A review of continuous random variables

  • Unlike discrete random variables, continuous random variables can take on an uncountably infinite number of possible values.

    • This is to say that if \( X \) is a continuous random variable, there is no possible index set \( \mathcal{I}\subset \mathbb{Z} \) which can enumerate the possible values \( X \) can attain.
    • For discrete random variables, we could perform this with a possibly infinite index set, \( \{x_j\}_{j=1}^\infty \)
    • This has to do with how the infinity of the continuum \( \mathbb{R} \) is actually larger than the infinity of the counting numbers, \( \aleph_0 \);
    • in the continuum you can arbitrarily sub-divide the units of measurement.
  • These random variables are characterized by a distribution function and a density function.
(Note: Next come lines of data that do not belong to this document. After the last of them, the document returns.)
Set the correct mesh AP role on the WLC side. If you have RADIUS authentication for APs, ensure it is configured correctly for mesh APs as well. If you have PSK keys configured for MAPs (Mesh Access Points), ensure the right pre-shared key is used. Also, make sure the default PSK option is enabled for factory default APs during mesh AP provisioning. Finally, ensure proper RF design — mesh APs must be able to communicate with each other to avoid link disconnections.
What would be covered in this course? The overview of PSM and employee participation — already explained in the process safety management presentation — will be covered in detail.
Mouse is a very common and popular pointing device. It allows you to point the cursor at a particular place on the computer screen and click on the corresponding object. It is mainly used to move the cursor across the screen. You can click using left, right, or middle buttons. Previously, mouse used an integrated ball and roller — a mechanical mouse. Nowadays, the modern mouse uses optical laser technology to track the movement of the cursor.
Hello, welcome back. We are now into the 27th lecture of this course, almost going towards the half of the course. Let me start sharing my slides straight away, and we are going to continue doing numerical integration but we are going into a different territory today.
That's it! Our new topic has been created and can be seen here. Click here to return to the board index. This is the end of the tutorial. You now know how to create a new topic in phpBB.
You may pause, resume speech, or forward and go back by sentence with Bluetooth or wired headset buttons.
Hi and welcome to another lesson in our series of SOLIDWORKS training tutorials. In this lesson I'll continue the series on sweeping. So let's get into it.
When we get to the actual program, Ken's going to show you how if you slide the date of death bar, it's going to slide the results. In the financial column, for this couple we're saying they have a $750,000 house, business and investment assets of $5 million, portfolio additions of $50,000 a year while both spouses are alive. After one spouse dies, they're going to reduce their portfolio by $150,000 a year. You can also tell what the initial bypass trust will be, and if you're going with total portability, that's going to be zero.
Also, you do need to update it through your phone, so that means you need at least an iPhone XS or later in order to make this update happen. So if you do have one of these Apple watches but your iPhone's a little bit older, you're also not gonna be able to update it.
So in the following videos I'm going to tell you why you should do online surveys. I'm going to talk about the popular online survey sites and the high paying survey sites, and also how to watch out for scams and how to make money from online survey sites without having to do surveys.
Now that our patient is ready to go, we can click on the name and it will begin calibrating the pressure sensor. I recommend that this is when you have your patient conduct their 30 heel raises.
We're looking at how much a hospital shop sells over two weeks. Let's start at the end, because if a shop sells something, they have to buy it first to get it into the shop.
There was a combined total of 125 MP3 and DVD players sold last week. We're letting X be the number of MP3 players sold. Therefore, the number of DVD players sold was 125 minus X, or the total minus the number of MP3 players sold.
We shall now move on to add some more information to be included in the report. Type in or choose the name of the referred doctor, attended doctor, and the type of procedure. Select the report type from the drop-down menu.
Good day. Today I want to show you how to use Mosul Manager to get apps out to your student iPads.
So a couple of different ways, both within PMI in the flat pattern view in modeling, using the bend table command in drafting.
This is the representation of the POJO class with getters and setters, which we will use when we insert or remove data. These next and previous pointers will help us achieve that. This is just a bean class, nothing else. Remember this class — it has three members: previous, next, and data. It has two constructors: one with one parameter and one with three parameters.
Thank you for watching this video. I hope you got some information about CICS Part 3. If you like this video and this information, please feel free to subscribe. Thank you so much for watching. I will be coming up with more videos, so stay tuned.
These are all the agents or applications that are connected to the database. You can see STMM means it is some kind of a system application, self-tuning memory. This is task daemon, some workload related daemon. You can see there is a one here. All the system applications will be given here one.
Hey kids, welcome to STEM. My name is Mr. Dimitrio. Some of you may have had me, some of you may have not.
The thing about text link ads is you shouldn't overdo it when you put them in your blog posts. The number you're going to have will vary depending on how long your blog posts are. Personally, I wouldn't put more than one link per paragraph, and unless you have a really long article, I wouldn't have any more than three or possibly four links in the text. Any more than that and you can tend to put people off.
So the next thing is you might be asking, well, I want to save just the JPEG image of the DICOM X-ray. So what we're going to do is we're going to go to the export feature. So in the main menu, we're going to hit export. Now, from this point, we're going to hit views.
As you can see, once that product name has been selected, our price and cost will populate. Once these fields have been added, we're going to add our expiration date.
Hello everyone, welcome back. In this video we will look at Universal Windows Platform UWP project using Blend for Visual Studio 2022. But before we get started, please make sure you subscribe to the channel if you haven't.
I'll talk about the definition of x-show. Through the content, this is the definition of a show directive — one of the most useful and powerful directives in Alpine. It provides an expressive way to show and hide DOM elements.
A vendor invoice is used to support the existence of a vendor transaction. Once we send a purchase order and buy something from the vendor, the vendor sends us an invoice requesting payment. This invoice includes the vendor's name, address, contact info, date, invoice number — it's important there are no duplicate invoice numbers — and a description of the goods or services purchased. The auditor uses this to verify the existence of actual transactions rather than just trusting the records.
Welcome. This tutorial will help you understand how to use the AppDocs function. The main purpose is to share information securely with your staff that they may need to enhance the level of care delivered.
  • Let , then the mapping \[ F_X:\mathbb{R} \rightarrow [0,1] \] defined by \( F_X (x) = P(X \leq x) \), is called the cumulative distribution function (cdf) of the rv \( X \).

  • A mapping \( f_X: \mathbb{R} \rightarrow \mathbb{R}^+ \) is called the probability density function (pdf) of an rv \( X \) if \( f_X(x) = \frac{\mathrm{d} F_X}{\mathrm{d}x} \) exists for all \( x\in \mathbb{R} \); and

  • and the density is integrable, i.e., \[ \int_{-\infty}^\infty f_X (x) \mathrm{d}x \] exists and takes on the value one.

  • Q: we defined, \[ \begin{align} f_X(x) = \frac{\mathrm{d} F_X}{\mathrm{d}x} & & \text{ and }& & \int_{a}^b \frac{\mathrm{d}f}{\mathrm{d}x} \mathrm{d}x = f(b) - f(a) \end{align} \] how can you use the definition above and the fundamental theorem of calculus to find another form for the CDF?

    • A: Notice that \( \frac{\mathrm{d} F_X}{\mathrm{d}x} \) means that the CDF can be written in terms of the anti-derivative of the density.
    • If \( s \) and \( t \) are arbitrary values, the definite integral is written as

    \[ \begin{align} \int_{s}^t f_X(x) \mathrm{d}x &= \int_{s}^t \frac{\mathrm{d} F_X}{\mathrm{d}x} \mathrm{d}x\\ &= F_X(t) - F_X(s) \\ & = P(X \leq t) - P(X \leq s) = P(s < X \leq t) \end{align} \]

    • If we take a limit as \( s \rightarrow \infty \) we thus recover that

    \[ \begin{align} \lim_{s\rightarrow - \infty} \int_{s}^t f_X(x) \mathrm{d} x & = \lim_{s \rightarrow -\infty} P(s < X \leq t) \\ & = P(X\leq t) = F_X(t) \end{align} \]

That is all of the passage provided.